- Key visual for the series
- Created by: Monkey Punch
- Directed by: Daisuke Sakō [ja]
- Written by: Ichirō Ōkouchi
- Music by: Otomo Yoshihide
- Studio: Telecom Animation Film (animation); TMS Entertainment (production);
- Licensed by: NA: Sentai Filmworks;
- Released: December 16, 2022 – January 13, 2023
- Episodes: 6

= Lupin Zero =

Japanese original net animation series

Lupin Zero (stylized in all caps) is a Japanese original net animation series based on the Lupin the 3rd manga series by Monkey Punch and part of its media franchise, commemorating the 50th anniversary of the anime series, serving as a prequel to the 1971 Lupin the 3rd series.
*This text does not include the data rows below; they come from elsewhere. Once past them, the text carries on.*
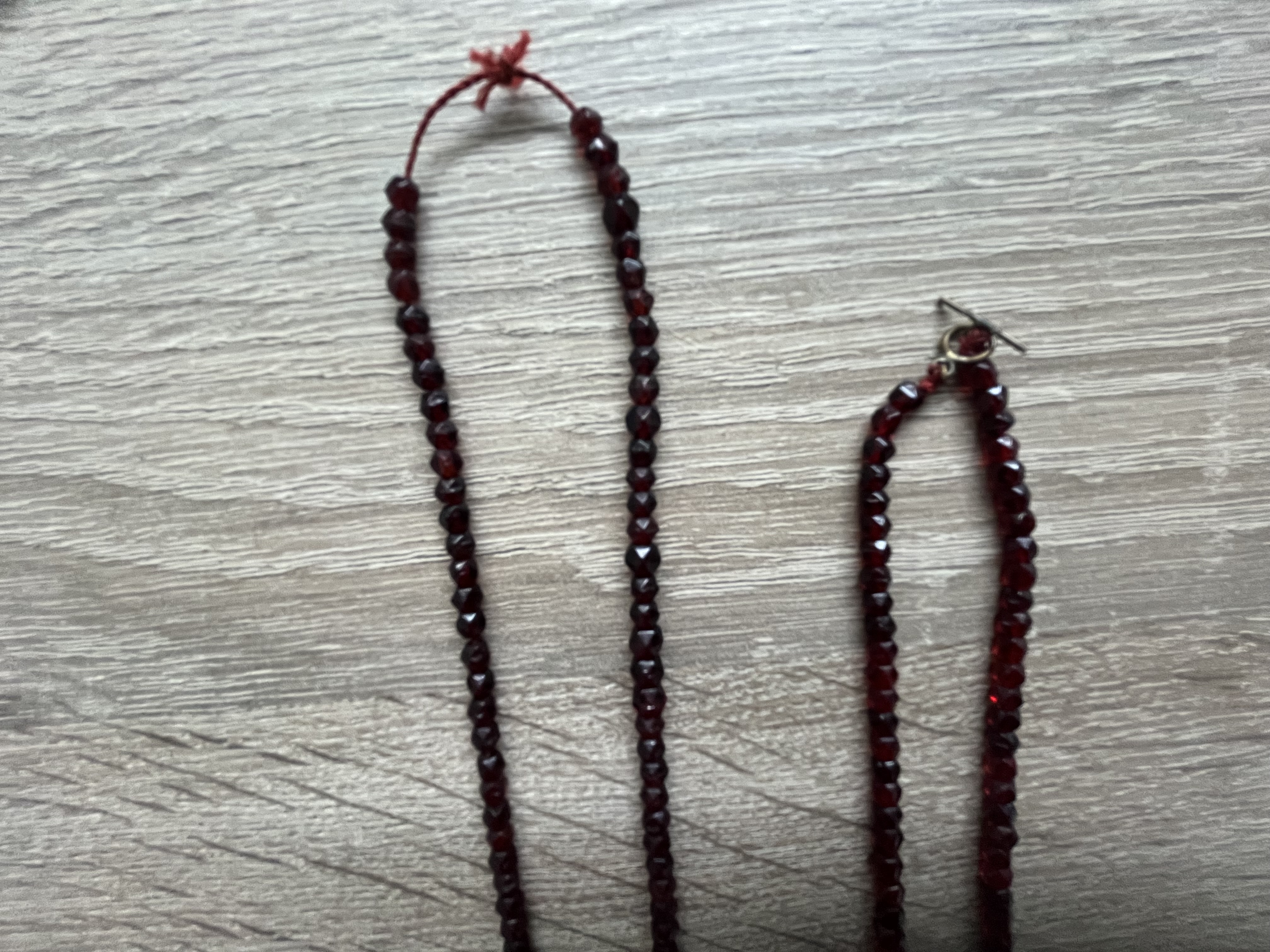 Faceted Garnet Bead Necklace and Bracelet Set - view 1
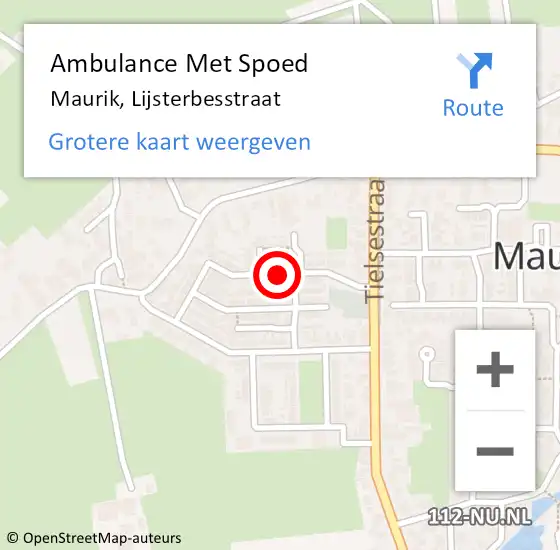 Locatie op kaart van de 112 melding: Ambulance Met Spoed Naar Maurik, Lijsterbesstraat op 20 juli 2018 12:32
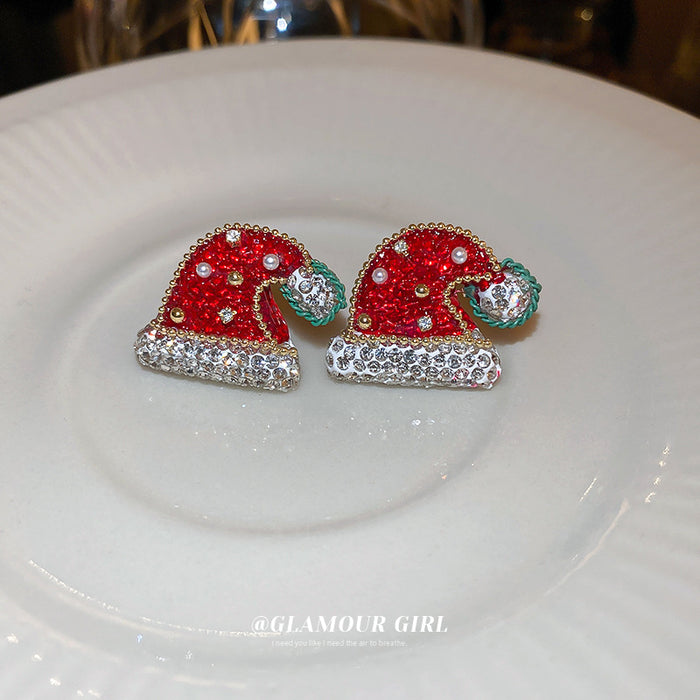 Wholesale Earrings Alloy Christmas Pearl Diamond Christmas Hat JDC-ES-BY330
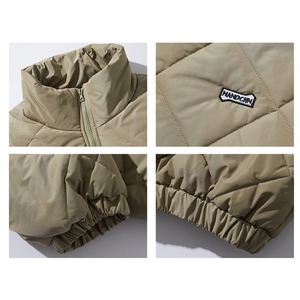 ★RETRO LOZENGE COTTON STAND COLLAR COAT　　　20372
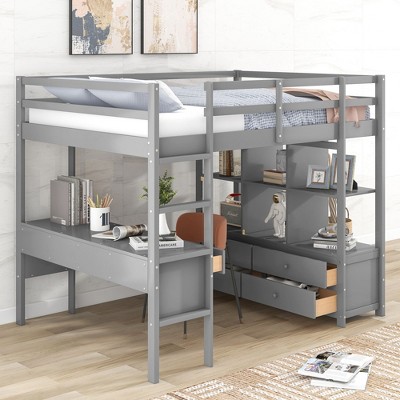 CAVINAS Full Size Bunk Bed with Desk Pine Bed Frame with Storage Shelves and Drawers for Bedroom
Animated by Telecom Animation Film and produced by TMS Entertainment, the series was released exclusively on DMM TV from December 16, 2022 to January 13, 2023.

==Cast==

| Character | Voice actor |
|---|---|
| Lupin the 3rd | Tasuku Hatanaka |
| Daisuke Jigen | Shunsuke Takeuchi |
| Yoko | Saori Hayami |
| Lupin the 1st | Yoshito Yasuhara |
| Shinobu | Toa Yukinari |
| Lupin the 2nd | Toshio Furukawa |

==Production==
The series was announced on October 23, 2022. The series was directed by Daisuke Sakō with series composition and episode screenplays by Ichirō Ōkouchi, character designs by Asami Taguchi and music by Otomo Yoshihide. The opening theme is a rendition of "Afro 'Lupin '68'" performed by Yoshihide while the ending theme is a rendition of "Lupin Sansei Shudaika II" (ルパン三世主題歌II), performed by Tavito Nanao, both from the original 1971 Lupin the 3rd series.

TMS hosted the North American premiere of the series at 2022 Anime NYC on November 18, 2022.

Sentai Filmworks licensed the series in North America and streamed on HIDIVE. They released it on Blu-ray on September 26, 2023.

==Reception==
Writing for The Fandom Post, Beveridge praised Lupin Zero as a "thoroughly enjoyable experience" that has the hallmarks of the original manga with actual violence and blood and "lightly pervy" moments. Giving the series an "A" rating, he also praised the relationship between Lupin and Jigen. Gunawan of Anime News Network described the relationship between the two characters as reminiscent of classic buddy cop films, and also gave the six-episode series an "A" rating. They praised the "simple and engaging" story and action scenes, but noted some viewers might not enjoy the retro art style, although they personally did.